» SOURCE DATA:

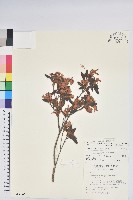 藏品(台灣高山杜鵑)的圖片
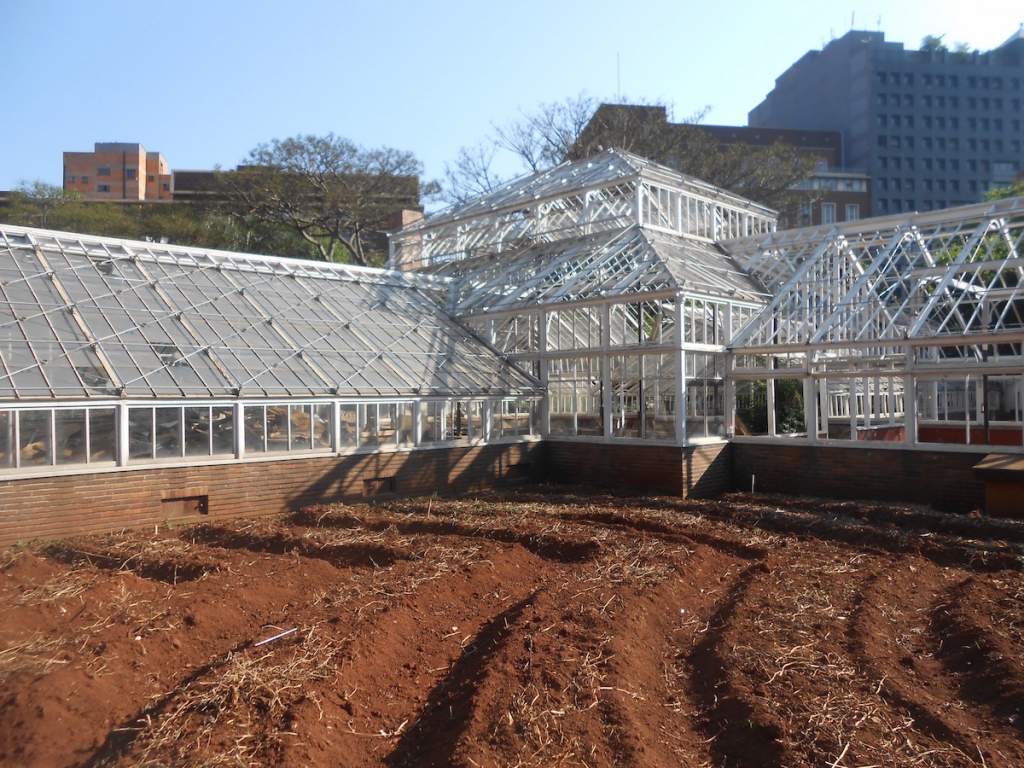 Joubert Park Greenhouse Johannesburg The Heritage Register
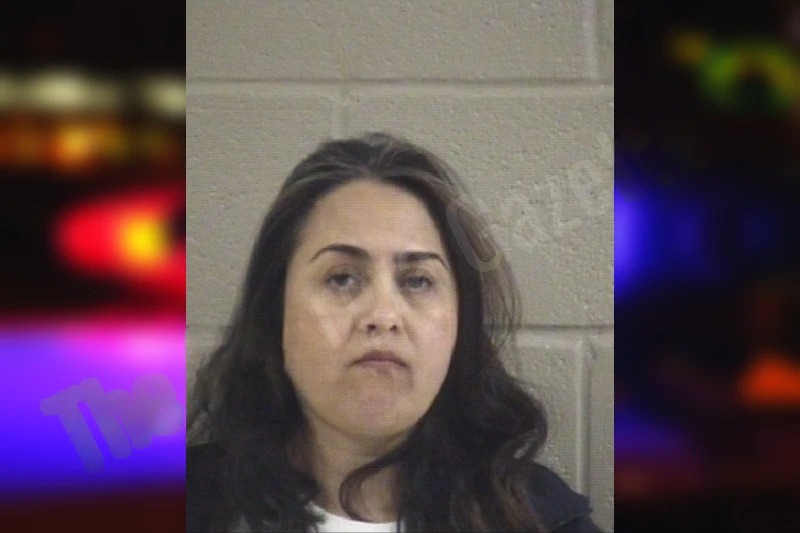 Dora Estrada-Salaices Mugshots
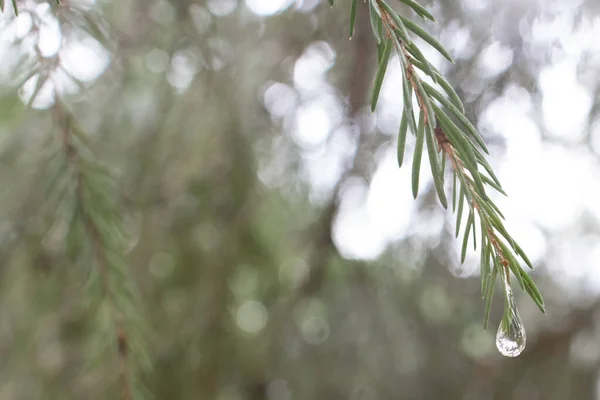 Raindrop on pine needles and on pine branches after the rain that looks like a precious gemstone - can be used as a background - hanging from the top from the upper right corner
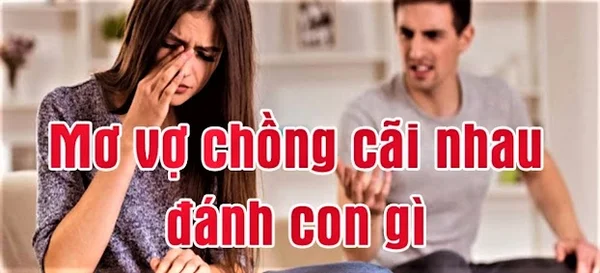 Mơ thấy vợ chồng chửi nhau có ý nghĩa gì? Mơ thấy vợ chồng chửi nhau có ý nghĩa gì?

» WORK TO COMPLETE: Repeat every entry above word for word, and include no pictures.

» TASK RESULT:
 藏品(台灣高山杜鵑)的圖片
 Joubert Park Greenhouse Johannesburg The Heritage Register
 Dora Estrada-Salaices Mugshots
 Raindrop on pine needles and on pine branches after the rain that looks like a precious gemstone - can be used as a background - hanging from the top from the upper right corner
 Mơ thấy vợ chồng chửi nhau có ý nghĩa gì? Mơ thấy vợ chồng chửi nhau có ý nghĩa gì?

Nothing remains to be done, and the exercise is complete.